Но в амфитеатре сцена была не нужна, поскольку весь интерес сосредотачивался на игре и главным образом на живом существе – человеке или животном. То же самое происходило в анатомическом театре, где сцена – а это была именно она – поднималась снизу вверх, а на возвышении покоился труп. И здесь мы тоже видим тело человека, мучительно исследуемого наукой, пусть даже и гуманистической. В театре «Глобус» примерно так же рассматривали актеров.
Но в венецианском театре ситуация меняется, поскольку подмостки представляют собой коридор, который соединяет дверь и окно; на уровне земли у нее нет центра, центр создают только круг балконов и крещендо остроконечной крыши. Этот внутренний рост нравился мне, потому что позволял построить здание, высвобождающее общие элементы и сочленения из вре́менной конструкции, из их вре́менного аспекта. Так, переплетения труб и сочленений, латунных, словно позолоченных, густеют и накладываются друг на друга, создавая скелет, машину, почти неузнаваемый аппарат. Кажется, что железо и дерево – две параллельные конструкции; по крайней мере, именно об этом я думал, вспоминая луковичные сечения византийских куполов и башенок или минаретов, где внутреннее и внешнее составляют две взаимодополняющие, но не обязательно единые архитектурные структуры.
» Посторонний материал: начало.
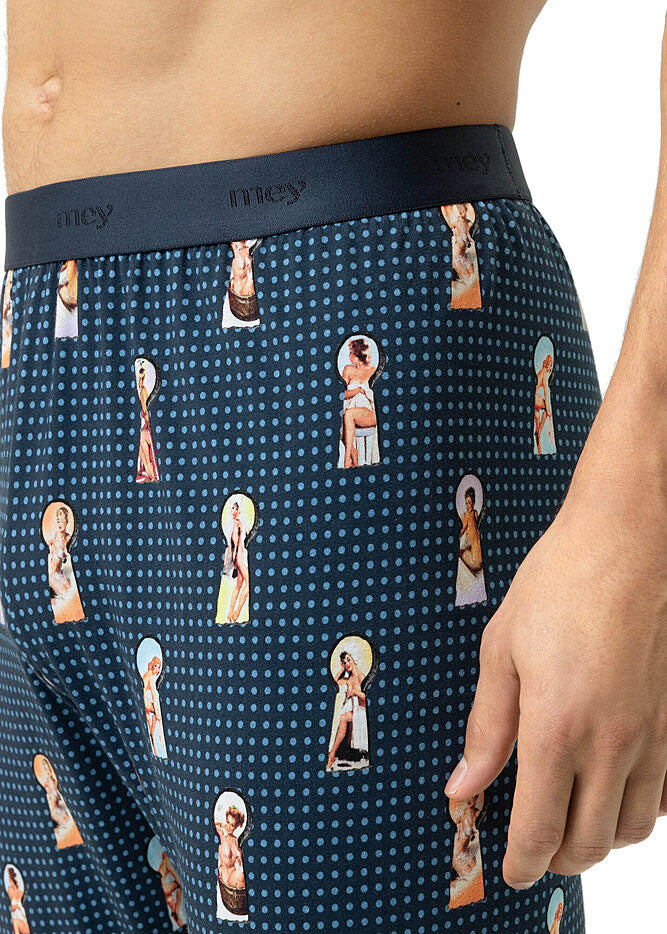 Mey Hose KEYHOLE AND PIN UP dunkelblau Print mit Pin-up-Girls in Schlüsselloch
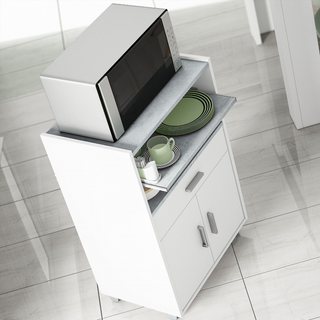 Mueble Microondas Chef. Blanco y Cemento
Листовое покрытие этих башен и куполов; железо, медь, свинец, даже камень; каменные башенки, как у собора в Модене, давящие на неустойчивую конструкцию, зелень, стекающая по белым камням с огромных куполов; но главное – шпили готических колоколен, заостренные до абсурда и зеленые на фоне белого неба.
Я рассматривал их из окна своего кабинета в цюрихском Политехническом институте; особенно шпиль Фрауенкирхе.